:: WORK TO BE COMPLETED ::
Given the records below, the lines starting at the line with "Harper T-shirt Femme" and ending at the line with "( 380 گرمی )" should be output exactly, both end lines kept and pictures left out.

:: RECORDS TO PROCESS ::
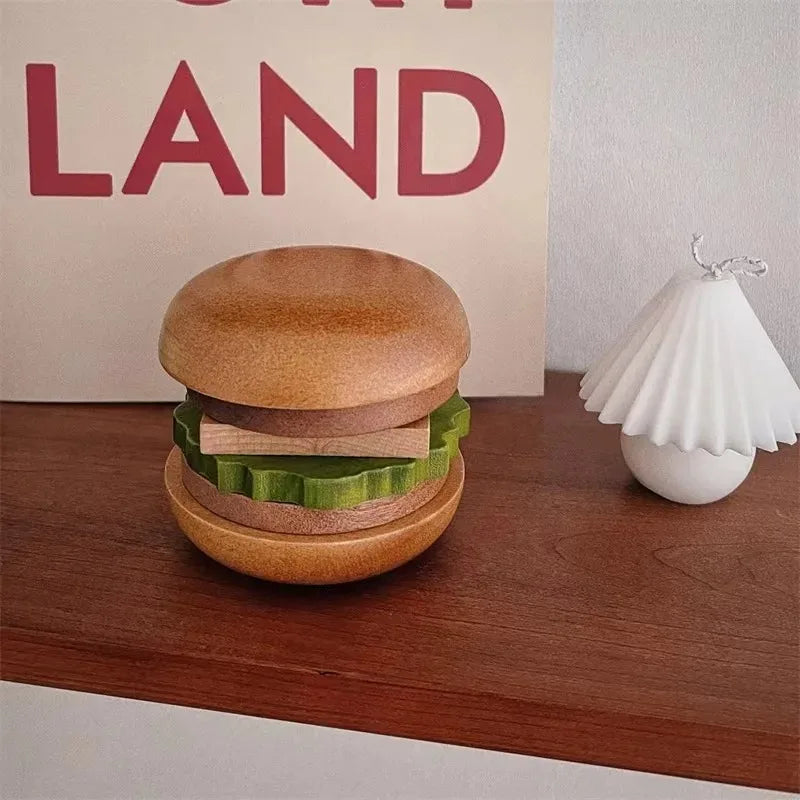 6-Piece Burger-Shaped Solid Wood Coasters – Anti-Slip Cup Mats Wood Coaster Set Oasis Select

---

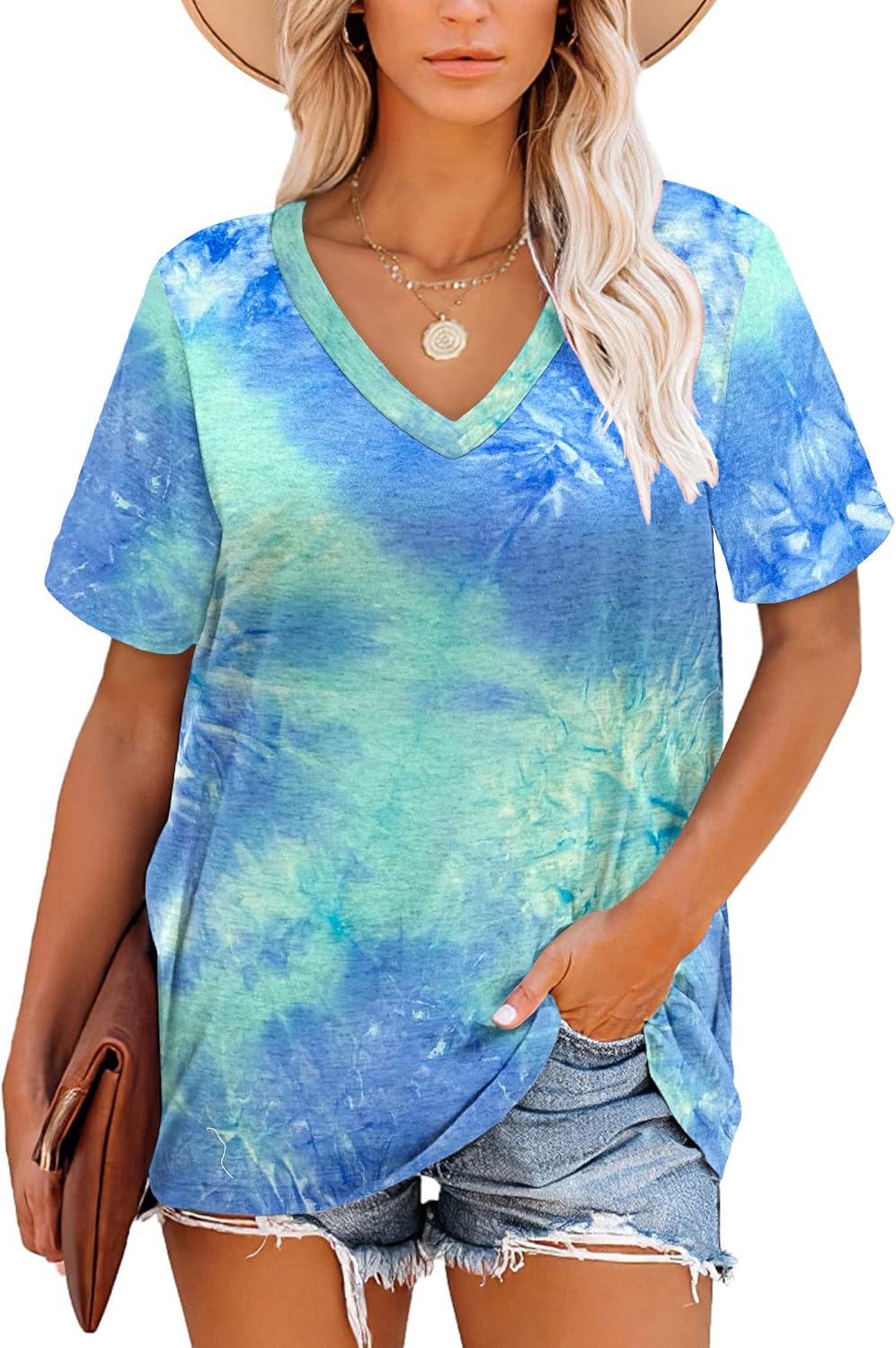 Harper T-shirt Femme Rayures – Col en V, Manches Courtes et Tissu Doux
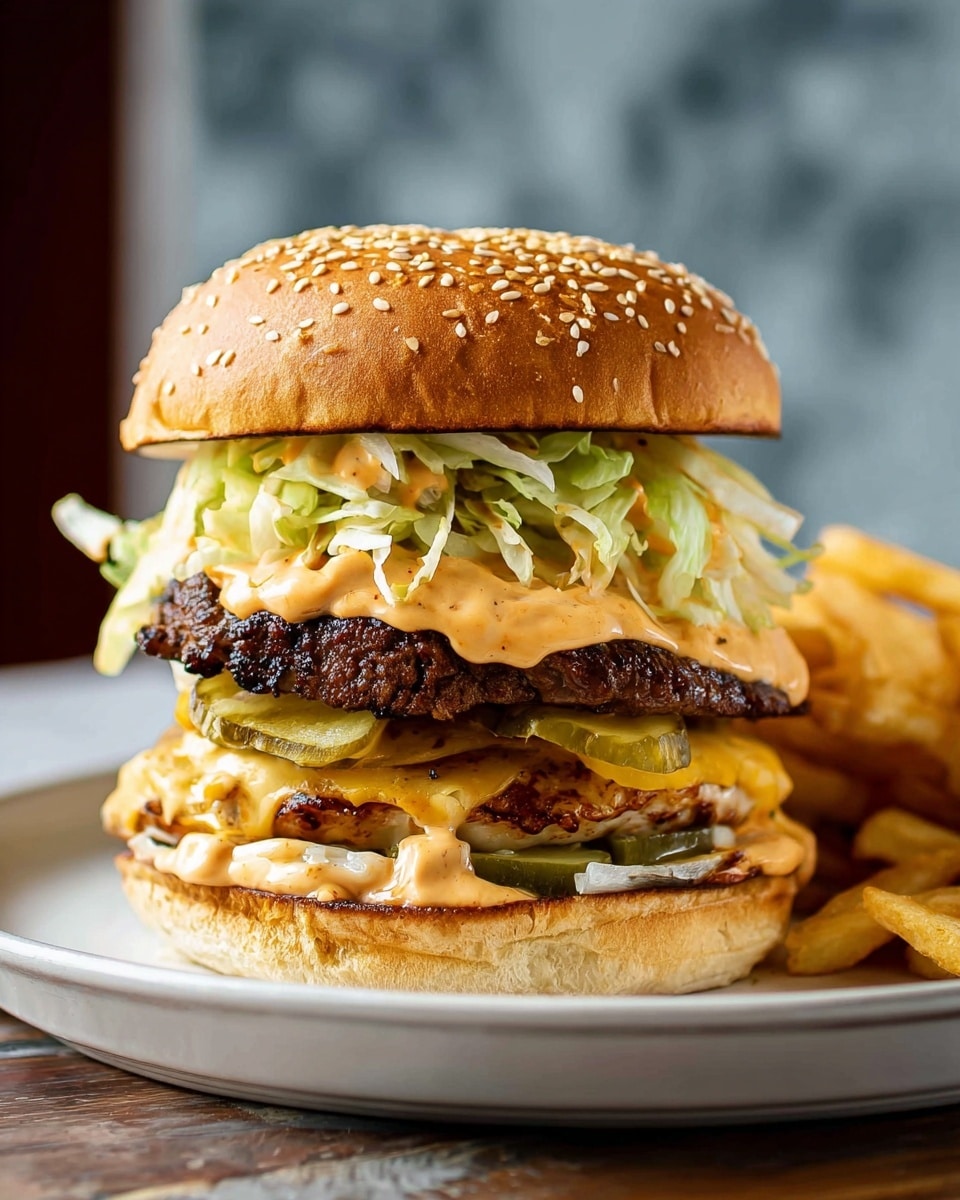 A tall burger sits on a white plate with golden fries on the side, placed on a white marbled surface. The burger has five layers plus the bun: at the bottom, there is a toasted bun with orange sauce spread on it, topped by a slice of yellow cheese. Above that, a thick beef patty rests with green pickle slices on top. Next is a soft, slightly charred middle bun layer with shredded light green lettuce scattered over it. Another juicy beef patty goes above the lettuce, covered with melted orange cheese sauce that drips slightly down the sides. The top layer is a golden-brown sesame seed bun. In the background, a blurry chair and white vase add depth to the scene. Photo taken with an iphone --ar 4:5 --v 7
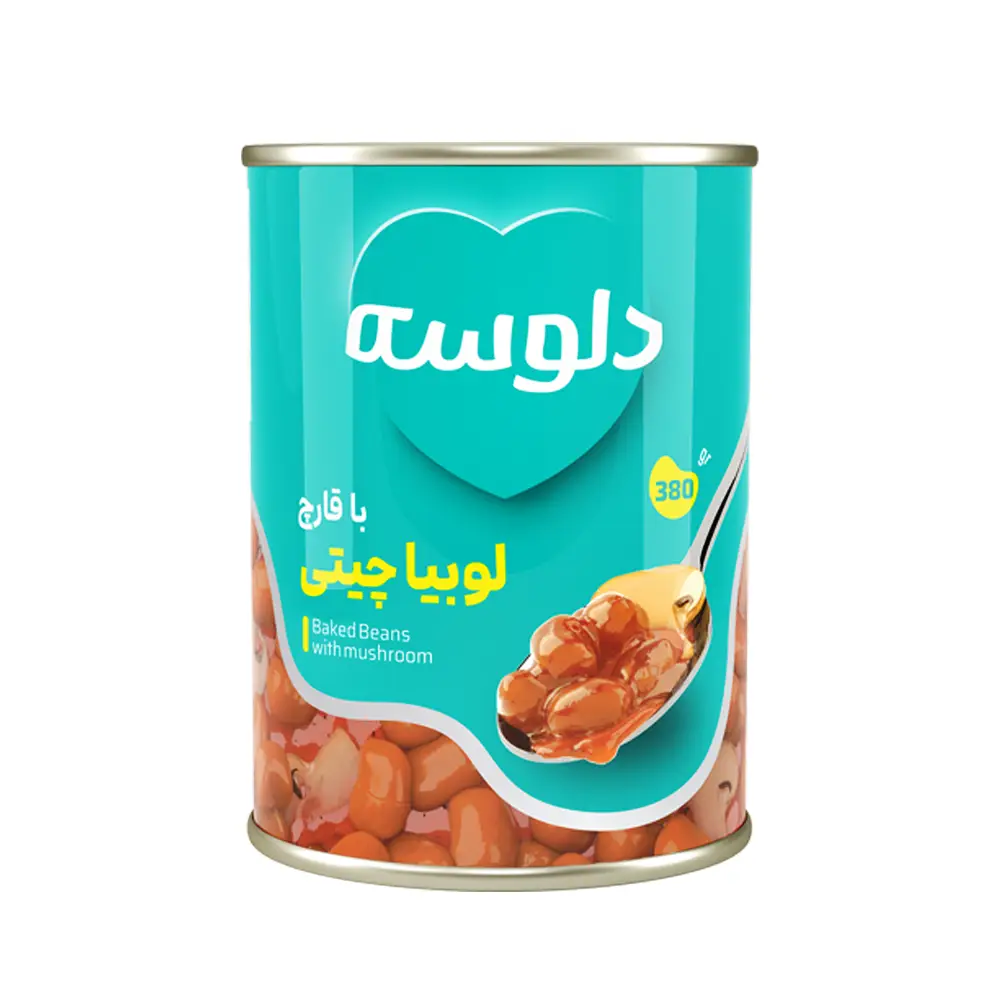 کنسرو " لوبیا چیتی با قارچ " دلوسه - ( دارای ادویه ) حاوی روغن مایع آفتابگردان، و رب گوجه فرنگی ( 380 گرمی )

:: WRITTEN SOLUTION ::
 Harper T-shirt Femme Rayures – Col en V, Manches Courtes et Tissu Doux
 A tall burger sits on a white plate with golden fries on the side, placed on a white marbled surface. The burger has five layers plus the bun: at the bottom, there is a toasted bun with orange sauce spread on it, topped by a slice of yellow cheese. Above that, a thick beef patty rests with green pickle slices on top. Next is a soft, slightly charred middle bun layer with shredded light green lettuce scattered over it. Another juicy beef patty goes above the lettuce, covered with melted orange cheese sauce that drips slightly down the sides. The top layer is a golden-brown sesame seed bun. In the background, a blurry chair and white vase add depth to the scene. Photo taken with an iphone --ar 4:5 --v 7
 کنسرو " لوبیا چیتی با قارچ " دلوسه - ( دارای ادویه ) حاوی روغن مایع آفتابگردان، و رب گوجه فرنگی ( 380 گرمی )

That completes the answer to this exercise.